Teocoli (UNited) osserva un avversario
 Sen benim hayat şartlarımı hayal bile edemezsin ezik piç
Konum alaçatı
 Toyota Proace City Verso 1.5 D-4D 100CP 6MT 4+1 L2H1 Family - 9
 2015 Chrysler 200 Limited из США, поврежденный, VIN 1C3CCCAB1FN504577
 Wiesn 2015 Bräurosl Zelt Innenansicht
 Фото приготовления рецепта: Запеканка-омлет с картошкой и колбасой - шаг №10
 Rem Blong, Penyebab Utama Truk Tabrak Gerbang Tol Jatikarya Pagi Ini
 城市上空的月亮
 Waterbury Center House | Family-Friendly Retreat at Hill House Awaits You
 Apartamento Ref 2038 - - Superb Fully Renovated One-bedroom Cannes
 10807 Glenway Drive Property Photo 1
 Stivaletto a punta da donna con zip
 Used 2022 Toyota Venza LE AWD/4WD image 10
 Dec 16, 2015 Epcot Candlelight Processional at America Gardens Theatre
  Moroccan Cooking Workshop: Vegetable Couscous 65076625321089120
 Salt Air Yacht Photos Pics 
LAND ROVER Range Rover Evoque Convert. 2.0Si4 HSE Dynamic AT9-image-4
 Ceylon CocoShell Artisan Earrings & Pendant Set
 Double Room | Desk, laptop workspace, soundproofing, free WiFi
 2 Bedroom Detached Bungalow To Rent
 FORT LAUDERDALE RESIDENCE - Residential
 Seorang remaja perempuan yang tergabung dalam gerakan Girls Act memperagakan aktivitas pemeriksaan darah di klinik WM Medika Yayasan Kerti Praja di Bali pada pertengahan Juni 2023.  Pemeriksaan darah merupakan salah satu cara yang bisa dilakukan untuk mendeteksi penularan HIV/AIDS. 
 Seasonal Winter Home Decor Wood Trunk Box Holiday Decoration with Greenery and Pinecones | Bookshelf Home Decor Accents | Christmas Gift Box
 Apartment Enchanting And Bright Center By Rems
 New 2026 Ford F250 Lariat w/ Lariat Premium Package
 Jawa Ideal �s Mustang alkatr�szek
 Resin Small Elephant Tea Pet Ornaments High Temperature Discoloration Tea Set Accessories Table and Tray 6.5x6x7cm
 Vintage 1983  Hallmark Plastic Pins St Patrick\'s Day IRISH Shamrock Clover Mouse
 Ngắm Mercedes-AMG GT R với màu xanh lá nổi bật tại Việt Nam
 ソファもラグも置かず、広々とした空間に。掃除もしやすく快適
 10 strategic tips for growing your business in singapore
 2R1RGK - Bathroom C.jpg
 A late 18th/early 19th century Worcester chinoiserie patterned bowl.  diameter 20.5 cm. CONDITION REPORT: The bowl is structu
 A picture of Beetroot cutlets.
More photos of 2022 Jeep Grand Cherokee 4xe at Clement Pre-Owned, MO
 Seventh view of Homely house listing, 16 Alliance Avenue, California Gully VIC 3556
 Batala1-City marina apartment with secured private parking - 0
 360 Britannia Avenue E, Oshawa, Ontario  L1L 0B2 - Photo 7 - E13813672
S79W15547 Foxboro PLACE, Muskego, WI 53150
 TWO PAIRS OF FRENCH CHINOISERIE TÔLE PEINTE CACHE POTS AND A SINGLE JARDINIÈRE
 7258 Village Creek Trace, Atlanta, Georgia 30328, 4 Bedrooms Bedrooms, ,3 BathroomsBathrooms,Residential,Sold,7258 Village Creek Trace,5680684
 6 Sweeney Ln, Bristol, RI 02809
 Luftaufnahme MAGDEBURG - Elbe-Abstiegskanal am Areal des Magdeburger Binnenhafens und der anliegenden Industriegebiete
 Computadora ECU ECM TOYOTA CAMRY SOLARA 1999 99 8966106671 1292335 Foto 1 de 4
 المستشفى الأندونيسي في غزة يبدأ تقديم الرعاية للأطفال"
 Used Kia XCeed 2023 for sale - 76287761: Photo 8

※ ※ ※

* Instructions for the task
Using the data above, restate every record word for word.

* Result of this exercise
Teocoli (UNited) osserva un avversario
 Sen benim hayat şartlarımı hayal bile edemezsin ezik piç
Konum alaçatı
 Toyota Proace City Verso 1.5 D-4D 100CP 6MT 4+1 L2H1 Family - 9
 2015 Chrysler 200 Limited из США, поврежденный, VIN 1C3CCCAB1FN504577
 Wiesn 2015 Bräurosl Zelt Innenansicht
 Фото приготовления рецепта: Запеканка-омлет с картошкой и колбасой - шаг №10
 Rem Blong, Penyebab Utama Truk Tabrak Gerbang Tol Jatikarya Pagi Ini
 城市上空的月亮
 Waterbury Center House | Family-Friendly Retreat at Hill House Awaits You
 Apartamento Ref 2038 - - Superb Fully Renovated One-bedroom Cannes
 10807 Glenway Drive Property Photo 1
 Stivaletto a punta da donna con zip
 Used 2022 Toyota Venza LE AWD/4WD image 10
 Dec 16, 2015 Epcot Candlelight Processional at America Gardens Theatre
  Moroccan Cooking Workshop: Vegetable Couscous 65076625321089120
 Salt Air Yacht Photos Pics 
LAND ROVER Range Rover Evoque Convert. 2.0Si4 HSE Dynamic AT9-image-4
 Ceylon CocoShell Artisan Earrings & Pendant Set
 Double Room | Desk, laptop workspace, soundproofing, free WiFi
 2 Bedroom Detached Bungalow To Rent
 FORT LAUDERDALE RESIDENCE - Residential
 Seorang remaja perempuan yang tergabung dalam gerakan Girls Act memperagakan aktivitas pemeriksaan darah di klinik WM Medika Yayasan Kerti Praja di Bali pada pertengahan Juni 2023.  Pemeriksaan darah merupakan salah satu cara yang bisa dilakukan untuk mendeteksi penularan HIV/AIDS. 
 Seasonal Winter Home Decor Wood Trunk Box Holiday Decoration with Greenery and Pinecones | Bookshelf Home Decor Accents | Christmas Gift Box
 Apartment Enchanting And Bright Center By Rems
 New 2026 Ford F250 Lariat w/ Lariat Premium Package
 Jawa Ideal �s Mustang alkatr�szek
 Resin Small Elephant Tea Pet Ornaments High Temperature Discoloration Tea Set Accessories Table and Tray 6.5x6x7cm
 Vintage 1983  Hallmark Plastic Pins St Patrick\'s Day IRISH Shamrock Clover Mouse
 Ngắm Mercedes-AMG GT R với màu xanh lá nổi bật tại Việt Nam
 ソファもラグも置かず、広々とした空間に。掃除もしやすく快適
 10 strategic tips for growing your business in singapore
 2R1RGK - Bathroom C.jpg
 A late 18th/early 19th century Worcester chinoiserie patterned bowl.  diameter 20.5 cm. CONDITION REPORT: The bowl is structu
 A picture of Beetroot cutlets.
More photos of 2022 Jeep Grand Cherokee 4xe at Clement Pre-Owned, MO
 Seventh view of Homely house listing, 16 Alliance Avenue, California Gully VIC 3556
 Batala1-City marina apartment with secured private parking - 0
 360 Britannia Avenue E, Oshawa, Ontario  L1L 0B2 - Photo 7 - E13813672
S79W15547 Foxboro PLACE, Muskego, WI 53150
 TWO PAIRS OF FRENCH CHINOISERIE TÔLE PEINTE CACHE POTS AND A SINGLE JARDINIÈRE
 7258 Village Creek Trace, Atlanta, Georgia 30328, 4 Bedrooms Bedrooms, ,3 BathroomsBathrooms,Residential,Sold,7258 Village Creek Trace,5680684
 6 Sweeney Ln, Bristol, RI 02809
 Luftaufnahme MAGDEBURG - Elbe-Abstiegskanal am Areal des Magdeburger Binnenhafens und der anliegenden Industriegebiete
 Computadora ECU ECM TOYOTA CAMRY SOLARA 1999 99 8966106671 1292335 Foto 1 de 4
 المستشفى الأندونيسي في غزة يبدأ تقديم الرعاية للأطفال"
 Used Kia XCeed 2023 for sale - 76287761: Photo 8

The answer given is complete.